Visible to Intel only — GUID: GUID-9EBDBDAD-51AA-4A6E-ADAB-76191B68AE21
Visible to Intel only — GUID: GUID-9EBDBDAD-51AA-4A6E-ADAB-76191B68AE21
Examine Regions Recommended for Offloading
Accuracy Level
Low
Enabled Analyses
Survey + Characterization (Trip Counts and FLOP) + Performance Modeling with no assumed dependencies
Result Interpretation
After running the Offload Modeling perspective with Low accuracy, you get a basic Offload Modeling report, which shows you estimated performance of your application after offloading to a target platform assuming it is mostly bounded by compute limitations.
Offload Modeling with Low accuracy assumes that:
- There is no tax for transferring data between baseline and target platforms.

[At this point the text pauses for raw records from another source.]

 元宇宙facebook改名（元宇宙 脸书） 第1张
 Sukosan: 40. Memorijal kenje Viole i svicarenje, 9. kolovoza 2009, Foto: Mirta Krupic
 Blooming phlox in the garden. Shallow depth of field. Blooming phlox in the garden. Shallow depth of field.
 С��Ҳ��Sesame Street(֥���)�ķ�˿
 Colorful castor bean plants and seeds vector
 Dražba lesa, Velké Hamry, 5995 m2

- All data goes to L1/L3 cache level only. L1/L3 cache traffic estimation might be inaccurate.
- A loop is parallel if the loop dependency type in unknown (Assume Dependencies checkbox is disabled). This happens when there is no information about a loop dependency type from a compiler or the loop is not explicitly marked as parallel, for example, with a programming model (OpenMP*, SYCL, Intel® oneAPI Threading Building Blocks (oneTBB))
In the Offload Modeling report:
Review the metrics for the whole application in the Summary tab.

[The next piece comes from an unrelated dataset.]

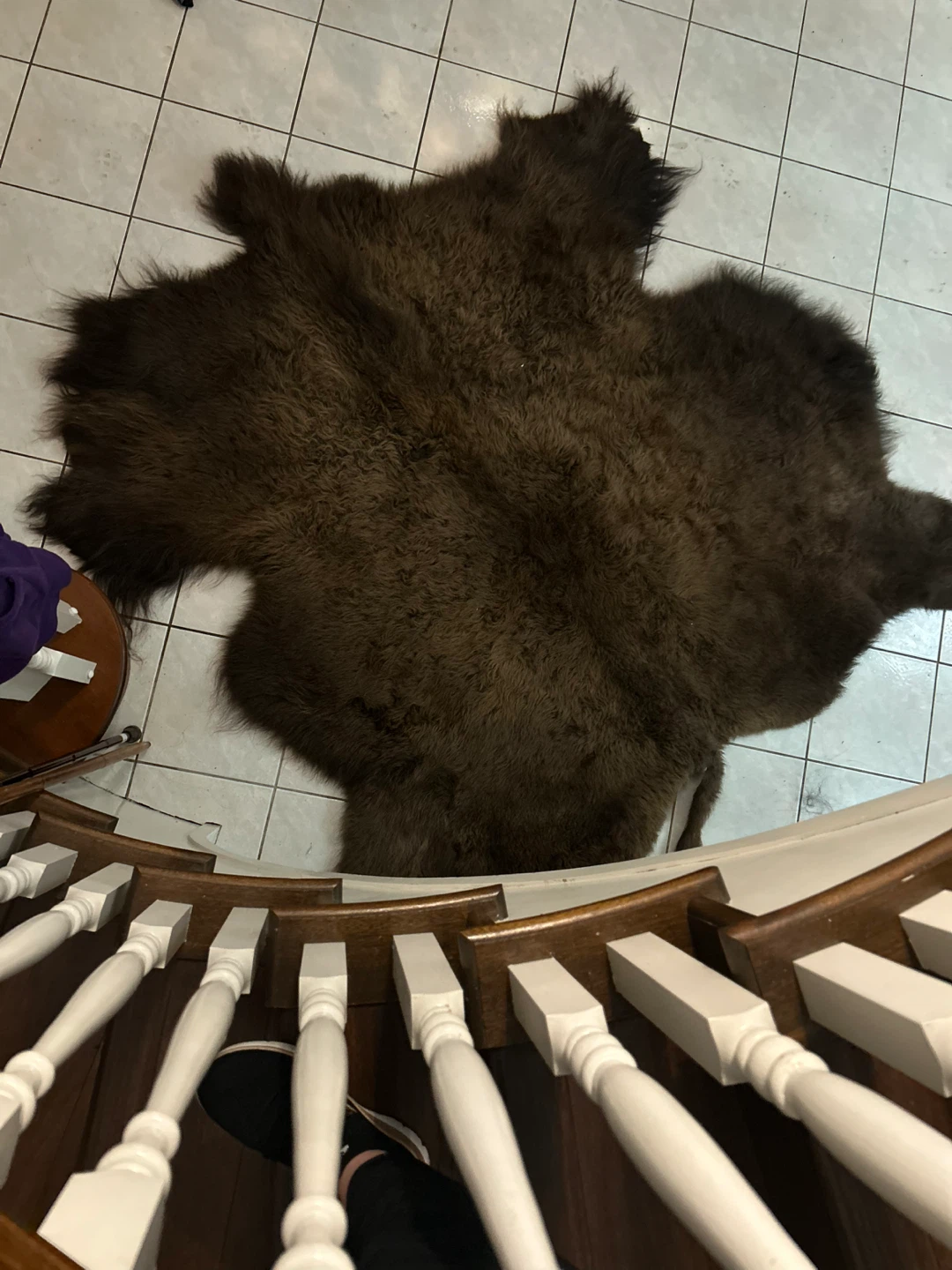 Bison Skull with Horns - photo 2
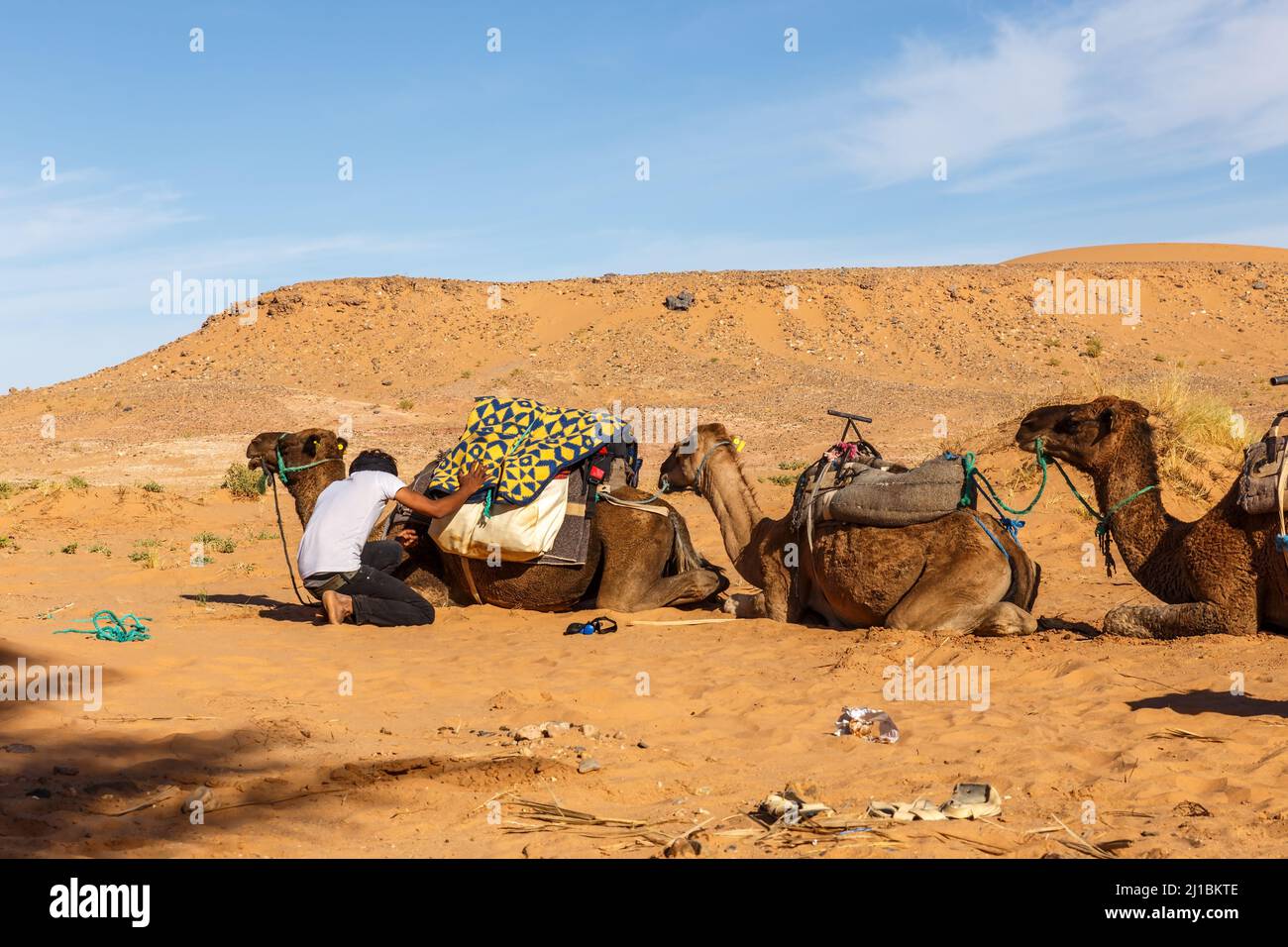 Berber nomad chargeant des bagages sur un chameau. Caravane de chameaux se préparant au voyage. Banque D'Images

- Check if your application is profitable to offload to a target device or if it has a better performance on a baseline platform in the Program Metrics panes.
- See what prevents your code from achieving a better performance if executed on a target device in the Offload Bounded by pane.

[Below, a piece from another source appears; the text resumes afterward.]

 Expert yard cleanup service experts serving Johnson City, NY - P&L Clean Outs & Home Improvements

NOTE:If you enable Assume Dependencies option for the Performance Modeling analysis, you might see high percentage of dependency-bound code regions. You are recommended run the Dependencies analysis and rerun Performance Modeling to get more accurate results.
- If the estimated speed-up is high enough and other metrics in the Summary pane suggest that your application can benefit from offloading to a selected target platform, you can start offloading your code.
If you want to investigate the results reported for each region in more detail, go to the Accelerated Regions tab and select a code region:
- Check whether your target code region is recommended for offloading to a selected platform. In the Basic Estimated Metrics column group, review the Offload Summary column. The code region is considered profitable for offloading if estimated speed-up is more than 1, that is, estimated time execution on a target device is smaller that on a host platform.
If your code region of interest is not recommended for offloading, consider re-running the perspective with a higher accuracy or refer to Investigate Not Offloaded Code Regions for recommendations on how to model offloading for this code region.
- Examine the Bounded By column of the Estimated Bounded By group in the code region pane to identify the main bottleneck that limits the performance of the code region (see the Bounded by section). The metrics show one or more bottleneck(s) in a code region.
- In the Throughput column of the Estimated Bounded By group, review time spent for compute- and L3 cache bandwidth-bound parts of your code. If the value is high, consider optimizing compute and/or L3 cache usage in your application.
- Review the metrics in the Compute Estimates column group to see the details about instructions and number of threads used in each code region.
- Check whether your target code region is recommended for offloading to a selected platform. In the Basic Estimated Metrics column group, review the Offload Summary column. The code region is considered profitable for offloading if estimated speed-up is more than 1, that is, estimated time execution on a target device is smaller that on a host platform.
- Get guidance for offloading your code to a target device and optimizing it so that your code benefits the most in the Recommendations tab. If the code region has room for optimization or underutilizes the capacity of the target device, Intel Advisor provides you with hints and code snippets that may be helpful to you for further code improvement.
- View the offload summary and details for the selected code region in the Details pane.
For details about metrics reported, see Accelerator Metrics.
Next Steps
- If you think that the estimated speedup is enough and the application is ready to be offloded, rewrite your code to offload profitable code regions to a target platform and measure performance of GPU kernels with GPU Roofline Insights perspective.
- Consider running the Offload Modeling perspective with a higher accuracy level to get a more detailed report.